Chuck Schumer yanked his offer to Trump to partially fund the border wall in exchange for DACA

  • Senate Minority Leader Chuck Schumer offered to fund part of President Donald Trump's wall in exchange for DACA protections as part of the shutdown negotiations.

  • Trump agreed to the outlines of the deal, Schumer claimed, before backing out.

  • Now, after the shutdown, Schumer has reportedly told the White House border wall funding is off the table.



Senate Minority Leader Chuck Schumer is playing hardball on President Donald Trump's proposed border wall after making an offer to Trump during failed negotiations on government funding.

During a Friday meeting at the White House, just hours before the government shut down, Schumer offered Trump partial funding for his long-promised wall along the Mexican border in exchange for concessions on the Deferred Action for Childhood Arrivals (DACA) immigration program.

Trump initially agreed to the deal, Schumer said, before reversing course and rejecting the parameters a few hours later.

After the falling out, Schumer took the proposed wall funding off the table on Sunday, a senior Democratic aide told Business Insider.

Schumer had offered the wall funding in exchange for protections for DACA recipients, the nearly 700,000 unauthorized immigrants that were brought to the US as minors and are shielded from deportation under the program.

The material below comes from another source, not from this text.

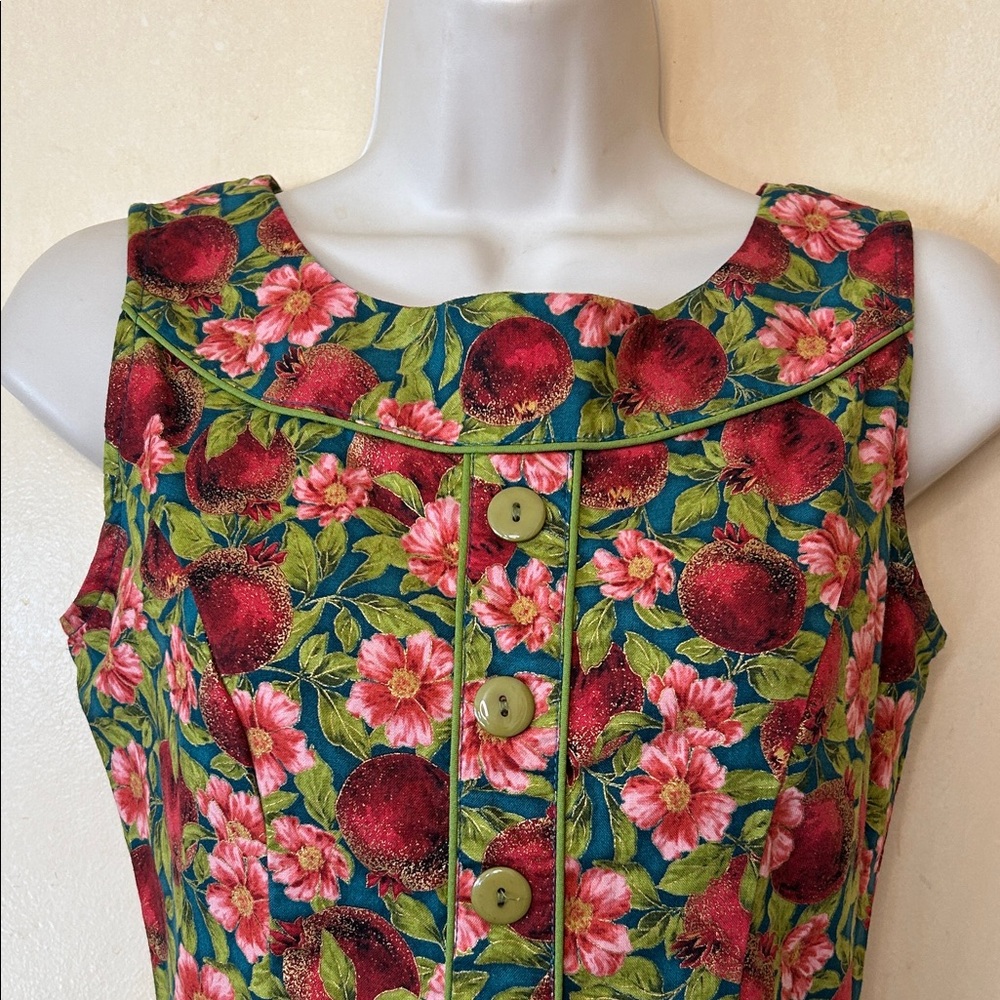 Retrolicious Elizabeth Swing Floral Button-Front Mini Dress size XS - Picture 3 of 12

Sen. Dick Durbin, the second-highest ranking Democratic senator, told Politico the wall deal was no longer on the table.

"He called the White House yesterday and said it’s over," Durbin said.

A Democratic aide also told Politico, which first reported Schumer's reversal, that Trump "missed an opportunity to get the wall."

The DACA fight has only just begun. While Democrats backed off DACA demands and the government reopened on Monday, Schumer said Senate Majority Leader Mitch McConnell agreed to hold open debate process to bring a DACA bill to the floor before the next shutdown deadline on February 8.

Trump announced he would rescind the program in September, but gave Congress six months to pass a law to codify it. That deadline is March 5.

Funding for the wall could have been a way to get Trump on board with a Senate solution to the DACA issue (which he so far seems reluctant to do), as well as overcome the seemingly insurmountable differences between the House and Senate.

Now, it appears the three weeks of negotiation to solve the DACA issue before the next shutdown will be even more fraught.